I listened to Russ Robert’s interview with Moises Valsquez-Manoff (on Econtalk) yesterday on my drive to pick up my daughter. The conversation was about recent studies showing the role increased hygiene plays in the rise of allergies and auto-immune diseases. Apparently in at least some cases parasites (hookworms and malaria are two examples given) influence the human immune system to tolerate the presence of the “guest.” The immune system is weakened enough to allow the parasite, but no so weakened that the hose succumbs to the invader. This weakening benefits the host by turning it away from things that are not harmful (allergens in the case of allergies, and the host’s own body in autoimmune diseases).
I’m not a biologist, but here’s my understanding of how immune systems work. Taken most simply they have two functions. First, they differentiate between the body and the not-body. Put another way, a healthy immune system polices the boundary between what is me and anything that would be seen as a threat. Proper function here has two parts: successfully identifying real threats, and letting be anything that is not a threat. Second, having made this identification, the immune system seeks to neutralize the threat. When the immune system is successful in its identification of threats and in its attempt at neutralizing threats, the body lives on to fight another day.
Individual organisms have immune systems. I believe social systems have immune systems also – well, at least functions analogous to immune systems. A healthy social system has agents/routines/practices in place that differentiate between what is of the system and what is not. The healthy social system will also have a way to neutralize what it takes to be a threat so that the system can continue.

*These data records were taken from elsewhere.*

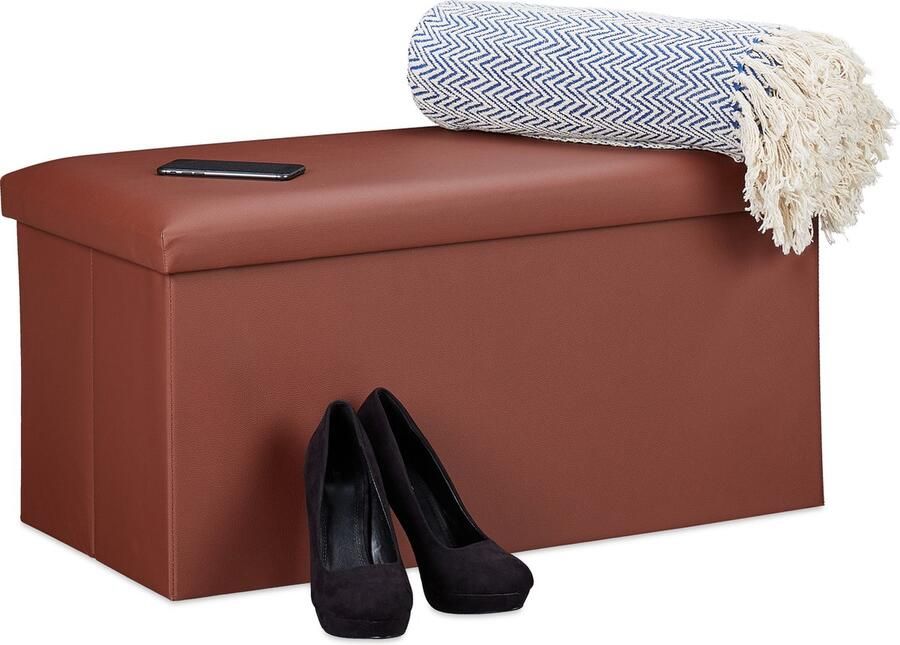 Relaxdays opbergbank kunstleer vouwbaar gepolsterd hal slaapkamer 37 5x76 5x38 5 cm bruin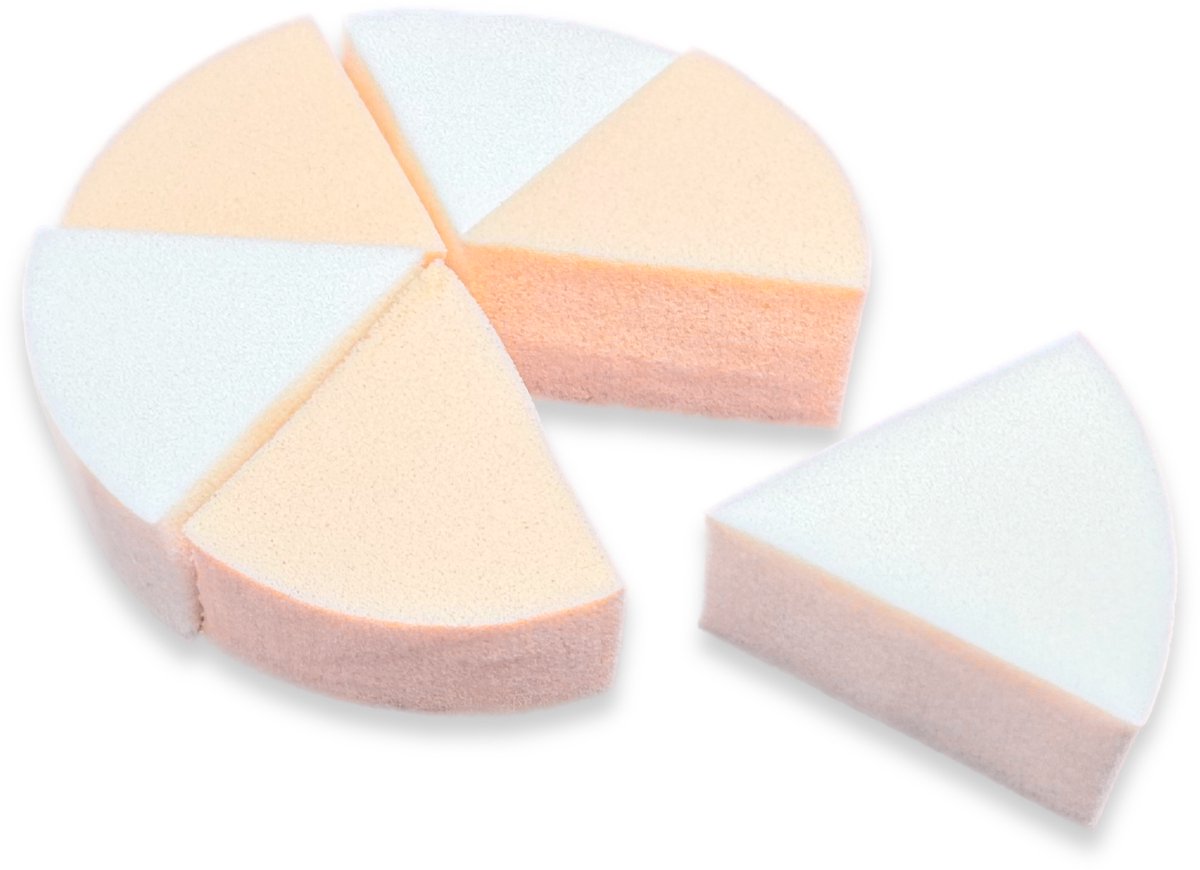 Powder Puff Driehoek – 6 Stuks – Stevige Premium Sponsjes – Voor Foundation, Poeder & Concealer – Herbruikbaar – 3BMT®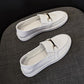 Spring and Autumn Loafers Women's Leather Soft Leather White Shoes Soft Sole Large Size Women's Shoes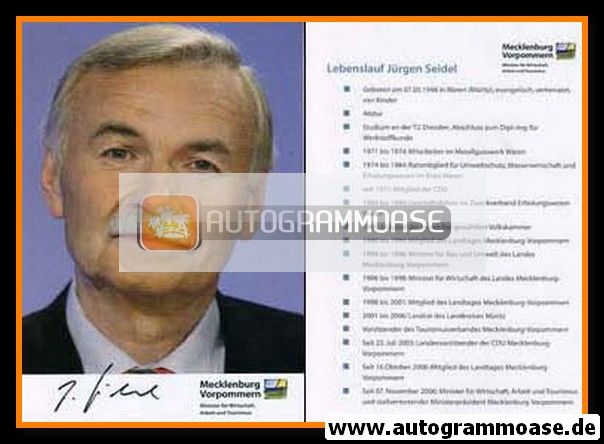 Autogramm Politik | CDU | Jürgen SEIDEL | 2000er (Lebenslauf)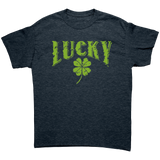 Lucky_with_a_4_Leaf_Clover_Unisex_T-Shir_Heather_Navy_Front_Mockup.png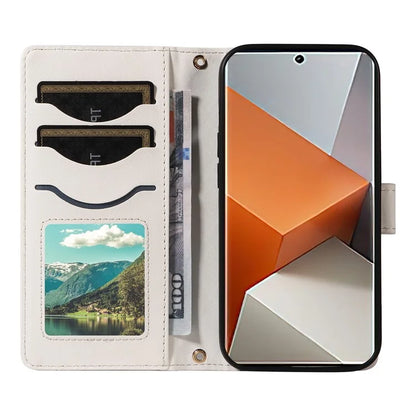 For Xiaomi Redmi Note 13 Pro+ 5G Case Wallet Rhombus Leather Phone Cover with Shoulder Strap, Wrist Strap
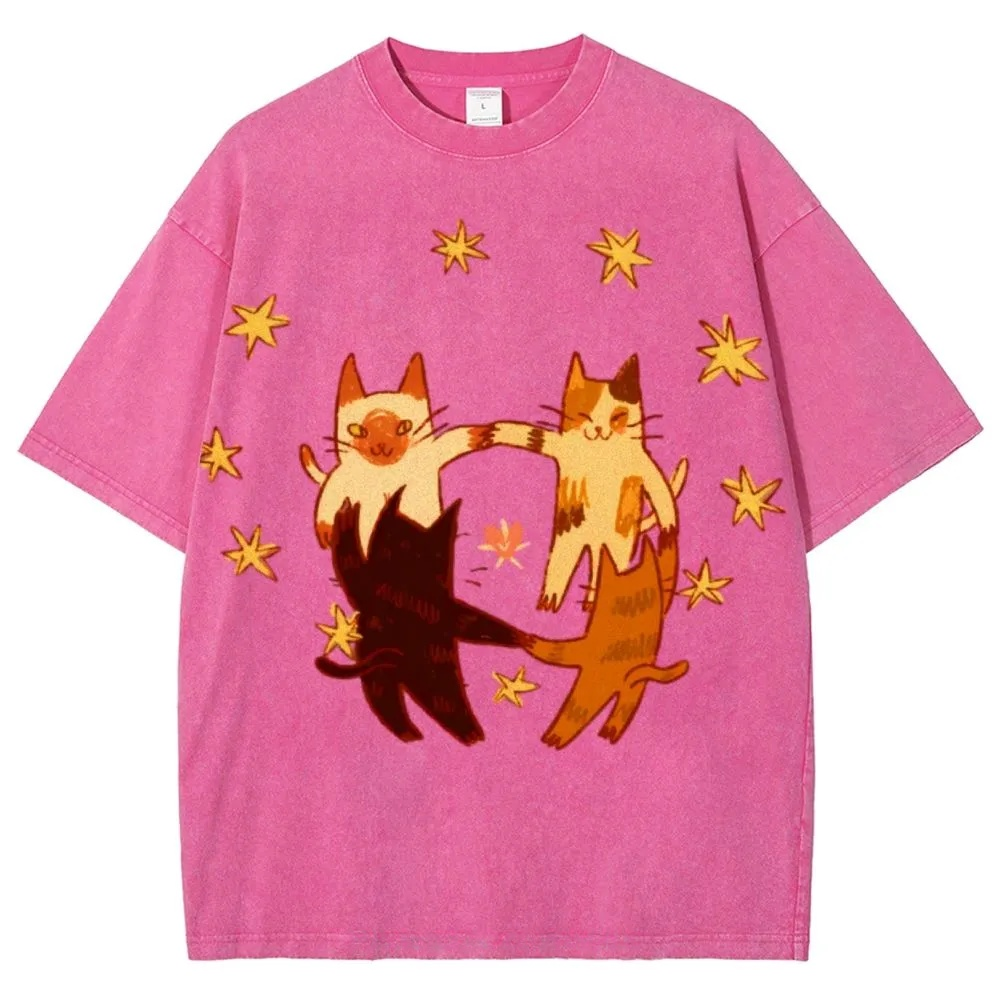Circle Cats Washed T-Shirt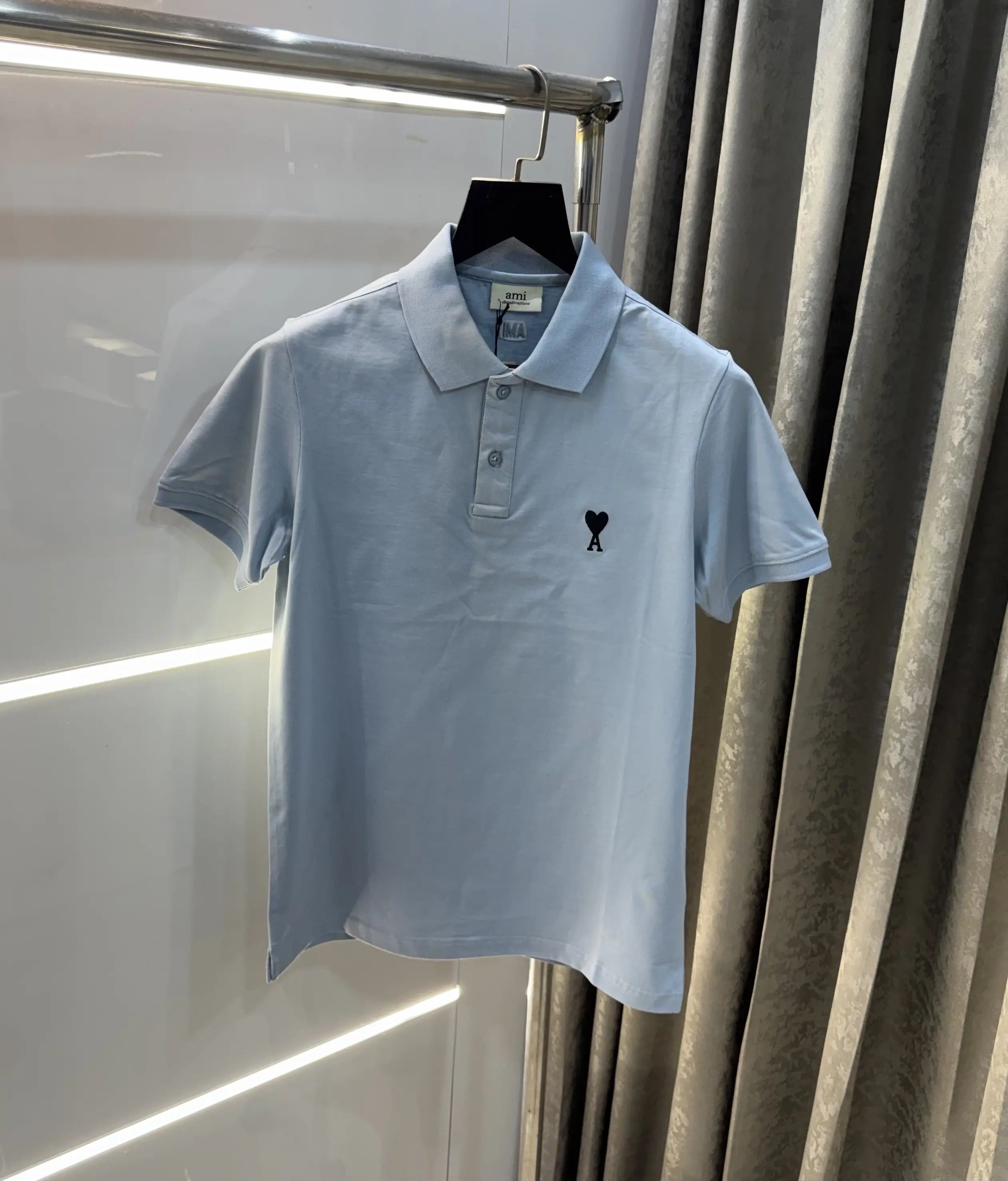 Ami paris Sky Blue Logo Work Premium Imported T-Shirt Main image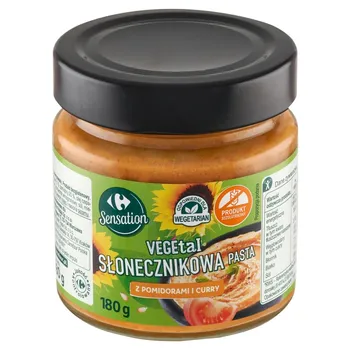 Carrefour Sensation Vegetal Słonecznikowa pasta z pomidorami i curry 180 g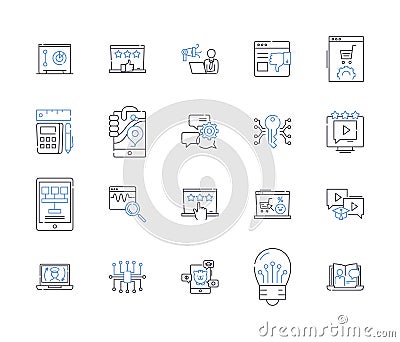 Digital health outline icons collection. Digital, health, telehealth, eHealth, healthcare, wellbeing, mhealth vector and Vector Illustration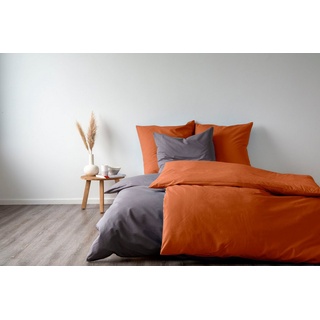 Bettwäsche Baumwoll-Tencel, SETEX, Lyocell, in angesagten Unifarben orange 1 St. x 135 cm x 200 cm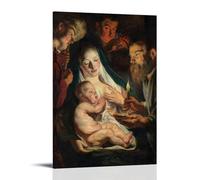 Jacob Jordaens 1616 The Holy Family with Shepherds Baroque Style Religious Scene Wall Art Print Decorative Painting Canvas Wall Art Living Rooms Bedroom Painting Frame-style 16x24inch(40x60cm)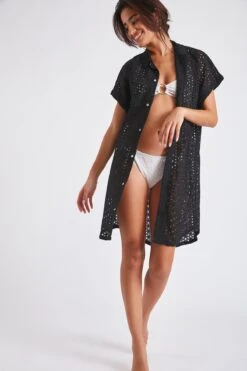 Chemise De Plage Noire Broderie Anglaise PAQUEA PALACA -Tenues pour les femmes Boutique 22e palaca paquea zhe01 dev3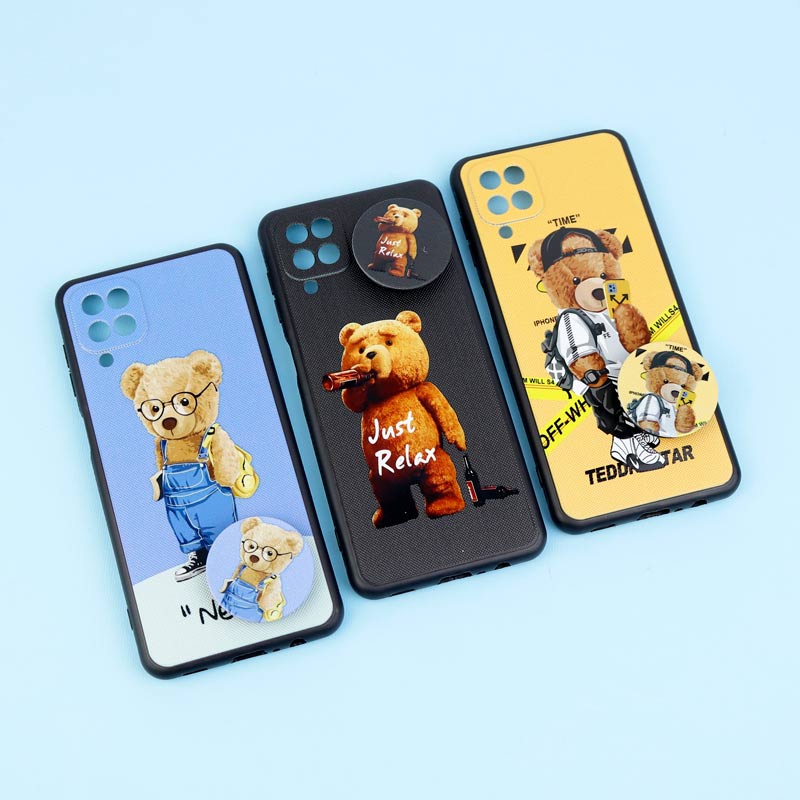 قاب فانتزی طرحدار پسرانه محافظ لنزدار + پاپ سوکت Samsung Galaxy A12 سری R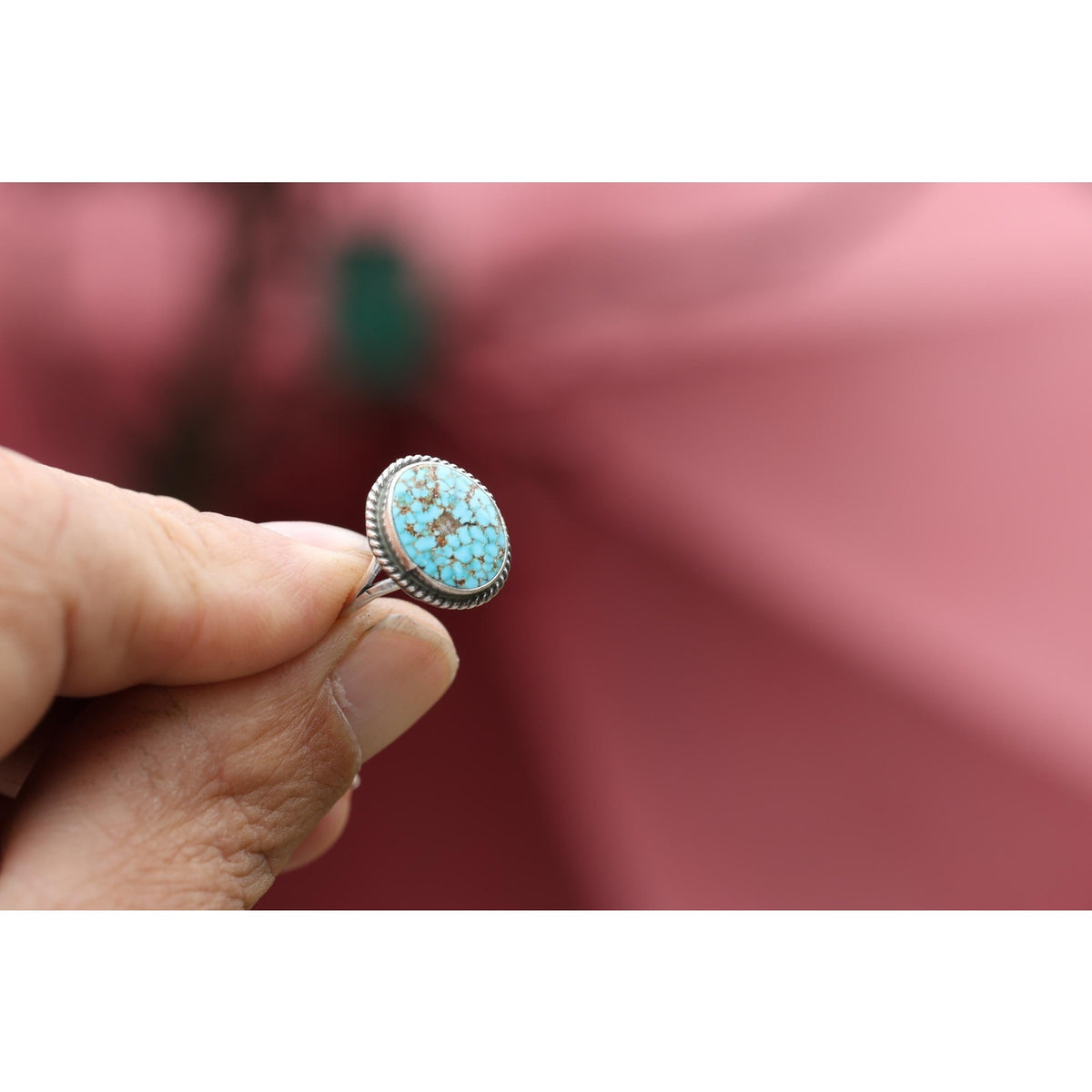 Navajo Sterling Silver Turquoise Ring 7.75 — Sonoran Gold, Attributed Jerryson Henio, Running Bear Shop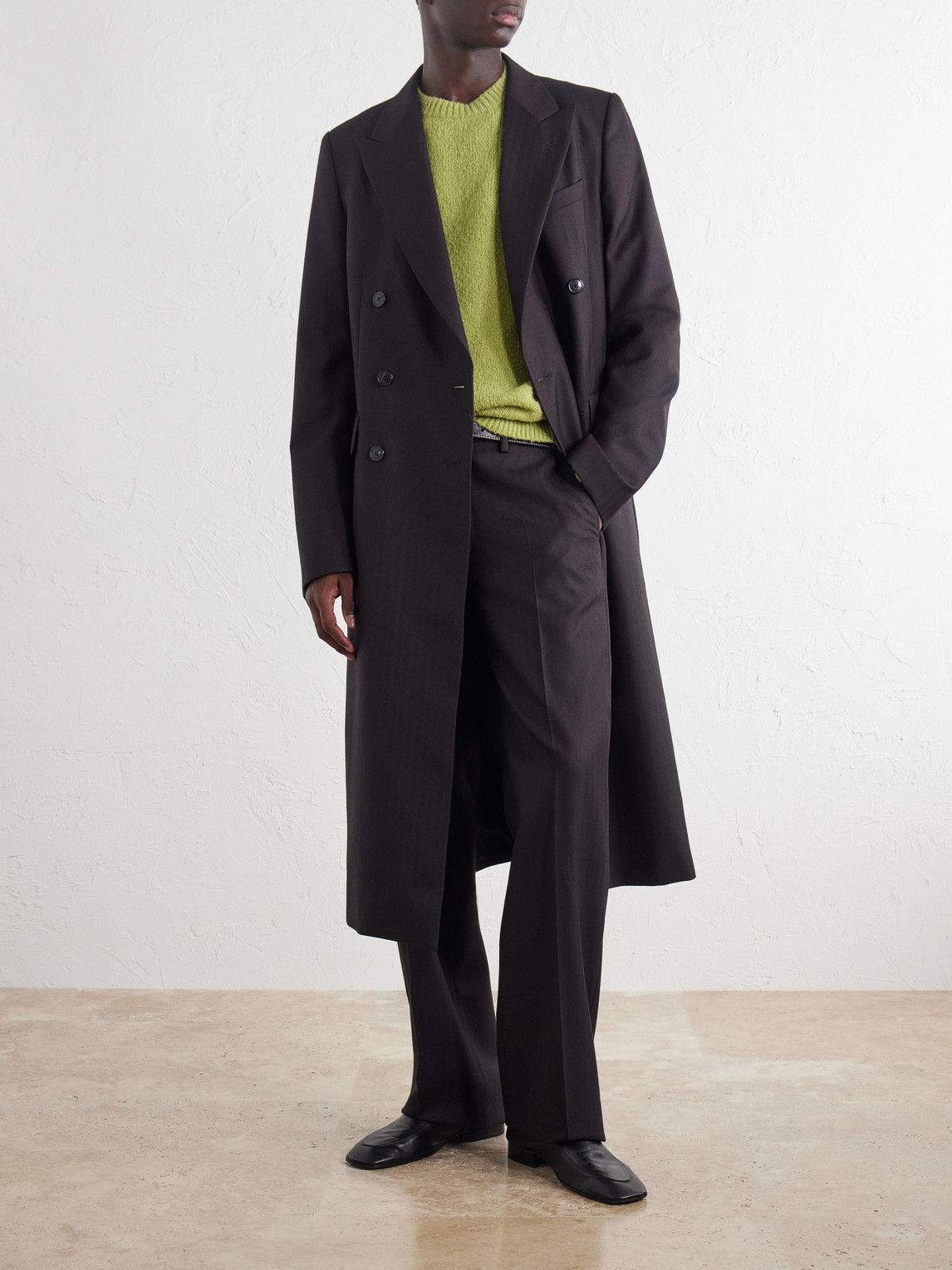 Double-Breasted Herringbone Coat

Let me shift course a bit. In a healthy social system there is bonding social capital that holds the system together. It binds member to member and makes the group cohere. The social immune system is one aspect of this form of social capital. The concept of social capital, popularized recently in the work of Robert Putnam, is actually of ancient vintage, first theorized by the medieval scholar Ibn Khaldun as what he called asabiyya.
Like some immune systems, the social immune system can fail to function well. As to the first task, it can fail by missing an attack from outside, or misfire by taking part of the social body as an outsider. As to the second task, the failures are more complex. Something correctly identified as a challenger can overcome the social system, destroying social cohesion. It can also rewrite the system’s ‘DNA,’ the ideology of practices, beliefs, and institutions that make it what it is. It’s also possible that the social immune system might practice overkill, committing evil against the invader (which is usually the people in whom the invading idea inheres). Xenophobia can be seen as the social immune system run amok. Akbar S. Ahmed has illustrated this last form in his discussion of the hyper-asabiyya of groups like Al Qaeda.
I know all this is very rough so far. I’m still working through these ideas, so bear with me. My goal is to think through the current chaos – and lack of social cohesion in the United Methodist Church and other mainline churches. If social systems have something like an immune system, and a church is an instance of a social system, what might it look like for a church to have an immune system? The Inquisition might come to mind. My assumption is that that would be an example of an immune system gone awry.
What if the social immune system is like the individual (biological) immune system? What if an absolutely strong immune system is actually bad for the organism as a whole? Complete social cohesion, even to the degree of xenophobia not only keeps others out (sometimes violently), but also keeps the system from achieving its goals. Take the church, for example. The church is called explicitly to philoxenia (hospitality), the exact opposite of xenophobia. To the degree we totally reject that which is foreign we fail in our mission. On the other hand, the church does need an immune system. There are threats that would deChristianize the church (the push toward xenophobia itself being one of them). How do we strike a healthy balance here?
What do you think of this use of metaphor? Is it useful? How can we develop it further?
I don’t know. Probably not a helpful metaphor when applied towards people in the church – as you say, we want to be hospitable, to welcome. Maybe better when applied towards ideas – but the problem (as with the real immune system) is one of recognition. What counts as an unhelpful idea, how do you know which ideas you should eradicate?